Good God, the first primary debate is in June?

So, yeah. Looks like the Democratic Primary debates will begin in six months.

Um. Yeah.

I know what’s driving this. The way the primary calendar is front-loaded we’ll know the outcome and the nominee by March this time. But this is really beginning to get silly.

By the time the election happens we’re all going to be fried to a crisp.

Yep. I’m tired just thinking about it.

I wouldn’t call the primary calendar front-loaded, given that there’s over a year’s worth of campaigning before Iowa. It’s really too back-loaded, compared to the way campaigns have been run during the past few cycles.

It’s stupid to have that much campaigning, and a sequence of debates, without any way of winnowing the field, then all of a sudden, the whole thing will be over in a few weeks of February and March next year.

Move Iowa to June of the year before the election, IOW 2019 in this cycle. (I’ve been saying this for awhile.) NH in September, SC and NV in October and November. Then all the other primaries/caucuses in the election year itself.

This calendar would also put an end to all those campaign pieces about candidates tramping through the snows of Iowa and New Hampshire. I’ve never been to Iowa, but I bet it’s actually pretty nice in May and June. I can attest personally that New Hampshire in September is quite nice. (Have the primary the week before foliage season traffic gets serious, though. Timing is important. :)) Ditto SC in October.

What, and deny the “Election-Industrial Complex” their billions? There are lots of people who make a very nice living off of perpetual campaigning.

The debates are a way of winnowing the field. People will watch the debates themselves, and the opinion polls after the debates, and funding for various candidates will increase or decrease, and a lot of them will drop out when they see the various indicators going against them.

If you’re a vanity candidate who doesn’t really expect to even contend, but you want to be up on that stage with the big boys, you don’t need a lot of money or poll support to keep going. Hell, if I wanted to borrow against my TSP account and run a campaign like that, I’ve got the dough.

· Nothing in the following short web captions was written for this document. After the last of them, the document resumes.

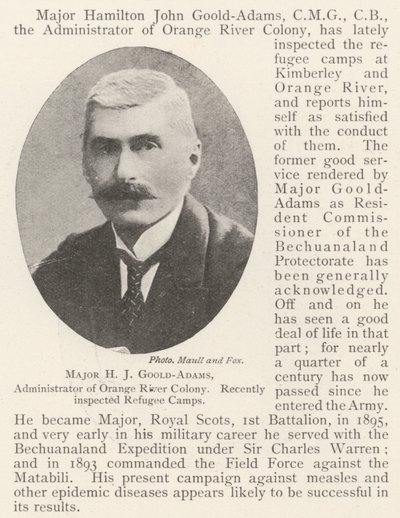 Major H J Goold-Adams, administrator av Orange River Colony, inspiserte nylig flyktningleire av English Photographer
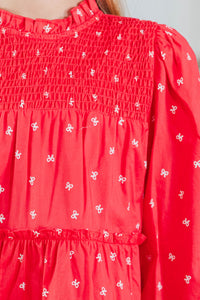 Girls: All About It Red Bow Print Babydoll Dress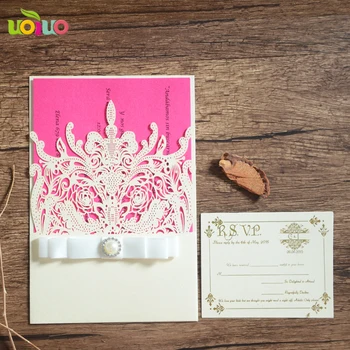 

20pc Different colors square laser cut custom make wedding cards invitation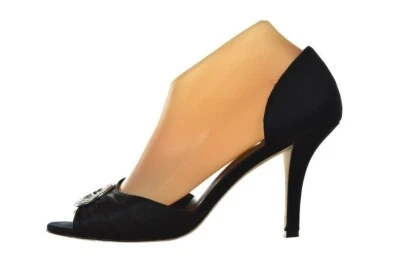 Pelle Moda Womens Shoes Size 8 M Black Solid Pumps Peep Toe Heels Formal - Image 1 of 4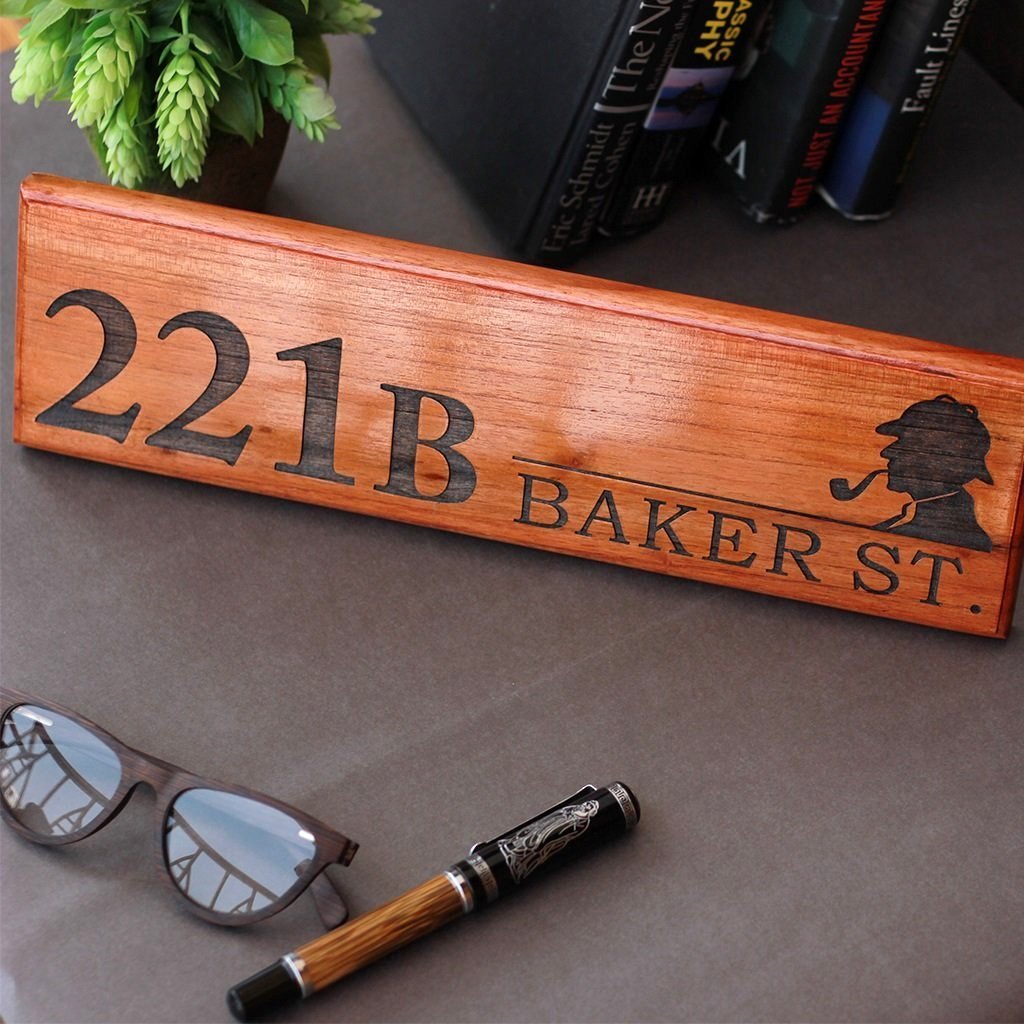 221b Baker Street Sherlock Holmes House Nameplate Wooden Door Sign Woodgeekstore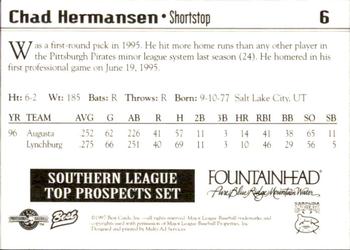 1997 Best Southern League Top Prospects #6 Chad Hermansen Back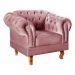 Poltrona Chesterfield Dom Pedro Vintage Retrô Capitonê Veludo Rosê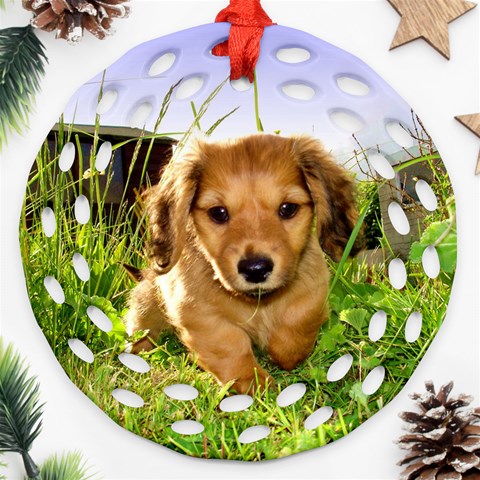 Puppy In Grass Round Filigree Ornament (Two Sides) from ArtsNow.com Back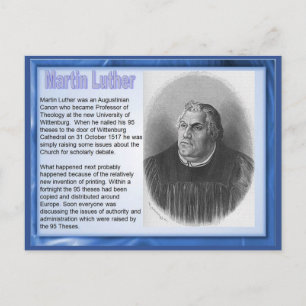 Cartão Postal Educação, Religião, Reforma Martin Luther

You need millions of dollars to run a campaign with a chance of winning. If you don’t care about that, low six figures would probably do you.

One significant change from 2016: California’s primary has moved from June to Super Tuesday. As I have posted before here, this could affect the Republicans more than the Democrats, as Republican party rules say that Calfornia’s Republican primary can no longer be winner-take-all, although since it’s at Congressional district level and California does not qualify for any “bonus” statewide delegates (so each district gets 3 delegates and there are 10 statewide ones, not counting the three party officials (one male and one female national committee member, and the head of the state party) who I think go to the convention uncommitted - it’s a state-by-state decision).

The sooner the better. We need to winnow the field and when the early debates separate the wheat from the chaff, money will dry up quickly for 3/4 of the field and we’ll be down to a manageable number. Get an early nomination and unify to kick serious ass next year.

If anything, that accentuates the problem. If Super Tuesday winds up effectively marking the end of the primary season (i.e. there are still more primaries, but essentially no doubt of who’s won), then we’ve got 13 months of active campaigning with no means of winnowing the field, followed by a caucus/primary season that’s been shortened from at least the possibility of 4 months down to a single month.

Does this actually happen? I don’t recall the debates winnowing down the Republican field last time but I might have missed something.

Rick Perry forgetting that he wanted to shut down the Department of Energy - yes, the same Department of Energy he is now secretary of - during a debate didn’t exactly help him.

But did his funding dry up? It certainly didn’t make him drop out early. That stumble happened in November and he stayed in the race until the next January after Iowa and New Hampshire.

Things get a lot less active after a candidate wins enough delegates to secure the nomination. Everyone else drops out of the race the presumptive nominee dials things back to save money for the general election. Things start picking up again shortly before the convention. Potentially that gives us a bigger lull if someone has locked up the nomination earlier than normal.

Of course, the potential of a busload of candidates for the Democratic nomination plus proportional delegate allocation presents an uglier option. We might come out of March with the leader not having a majority of the large share of delegates awarded. Since it takes a majority of delegate votes to win the nomination at the convention that could get really, really ugly. We could be looking at the strong likelihood of a contested convention as early as mid to late March depending on how those front loaded races go. If that happens the race gets shoved down our faces potentially all the way to the convention.

CA at least has Congressional District allocation for most of their delegates. It might split a more towards the leading candidate than statewide proportional representation. Of course CA early voting starts before the NH primary happens. Some candidates without a lot of money might try to only target their most favorable district. That means the potential for the overall winner to get less delegates than a statewide proportional representation would give too as districts get cherry picked out from under them.

This cycles schedule and large candidate field could yield very interesting results. That’s for a definition of interesting that includes things like being near a truck jackknifing on the highway.